Funded Studies
Objective/Rationale:
The goal of this project is to validate the voltage-gated proton channel Hv1 as a target to reduce neuroinflammation and subsequent neurodegeneration in acute and chronic pre-clinical models of Parkinson’s disease (PD).
Project Description:
The voltage-gated proton channel Hv1 is required for activation of enzymes that contribute to neuroinflammation, and recently, pre-clinical models lacking Hv1 were found to be protected from neuroinflammation and cell death in a stroke model. In this project, researchers will determine whether models lacking Hv1 are protected from the dopaminergic neurotoxicity of PD.
Relevance to Diagnosis/Treatment of Parkinson’s Disease:
Targeting of neuroinflammation in PD pre-clinical models and in clinical trials has met with mixed results. One potential reason is that the targets of these drugs are not unique to microglia: immune cells that contribute significantly to neuroinflammation. Thus, validation of cell-specific regulators of neuroinflammation, such as Hv1, would represent a significant advance in targeting the neuroinflammation that occurs in PD.
Anticipated Outcome:
Successful completion of this project will serve as proof-of-concept that Hv1 is a viable target in PD. Hv1 is a particularly attractive target since it appears to be restricted to microglial cells in the brain.
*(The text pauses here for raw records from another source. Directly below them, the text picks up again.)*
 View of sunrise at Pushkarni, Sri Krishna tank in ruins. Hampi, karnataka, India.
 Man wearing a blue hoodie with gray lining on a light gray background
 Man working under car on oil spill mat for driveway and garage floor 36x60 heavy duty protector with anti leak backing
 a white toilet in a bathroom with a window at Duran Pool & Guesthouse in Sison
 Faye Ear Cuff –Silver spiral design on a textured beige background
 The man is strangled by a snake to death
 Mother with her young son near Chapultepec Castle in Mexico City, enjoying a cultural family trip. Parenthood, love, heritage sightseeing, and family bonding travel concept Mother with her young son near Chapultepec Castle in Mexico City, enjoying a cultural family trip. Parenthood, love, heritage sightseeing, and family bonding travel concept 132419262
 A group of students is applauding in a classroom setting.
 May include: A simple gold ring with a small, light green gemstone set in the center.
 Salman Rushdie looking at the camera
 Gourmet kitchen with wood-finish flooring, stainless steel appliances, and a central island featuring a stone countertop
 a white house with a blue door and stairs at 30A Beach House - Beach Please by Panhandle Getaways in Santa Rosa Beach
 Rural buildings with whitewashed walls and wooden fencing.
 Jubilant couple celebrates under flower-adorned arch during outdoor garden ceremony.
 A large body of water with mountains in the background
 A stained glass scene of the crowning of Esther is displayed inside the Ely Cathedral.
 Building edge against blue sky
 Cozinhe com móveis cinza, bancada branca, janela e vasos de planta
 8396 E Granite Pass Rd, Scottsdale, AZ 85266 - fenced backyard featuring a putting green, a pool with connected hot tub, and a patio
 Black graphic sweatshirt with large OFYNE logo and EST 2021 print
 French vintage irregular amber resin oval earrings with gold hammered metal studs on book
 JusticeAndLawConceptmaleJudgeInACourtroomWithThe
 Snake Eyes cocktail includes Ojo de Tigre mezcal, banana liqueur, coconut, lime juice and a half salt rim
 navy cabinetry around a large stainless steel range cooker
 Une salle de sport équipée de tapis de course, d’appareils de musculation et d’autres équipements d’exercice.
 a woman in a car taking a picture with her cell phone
Thus, chemical screening for Hv1 antagonists would be the next step to identify small-molecule drugs that could be incorporated into the models established in this grant.
Progress Report
To date we have characterized the presence of the proton channel HV1 in activated microglia, the resident
immune cells of the brain. Further, pre-clinical models lacking Hv1 appear to demonstrate less neuroinflammation than models with Hv1. Because neuroinflammation is an important mediator of dopamine neuron death in Parkinson's disease, these results suggest that Hv1 may be a viable target to reduce neurodegeneration.
November 2014
Final Outcome
Hv1, a tiny pore on the surface of some cells, is required for the development of inflammation. Hv1 is present in microglia, the cells responsible for brain inflammation in PD. A PD-inducing chemical MPTP caused significantly less brain damage in pre-clinical models lacking Hv1. The lack of Hv1 in these models either prevented the production of inflammation-inducing molecules, such as tumor necrosis factor, or reduced their levels. Similar results were obtained in another model of Parkinson's with inflammation-induced nerve cell death. Taken together, these data suggest that Hv1 regulates brain inflammation and represents a novel target for therapies protecting dopamine-producing nerve cells.
October 2016
Presentations & Publications
Manuscripts describing this work are in their final stages of preparation. There is an initial paper describing the LPS model and then 1-2 additional manuscripts describing the HVl work.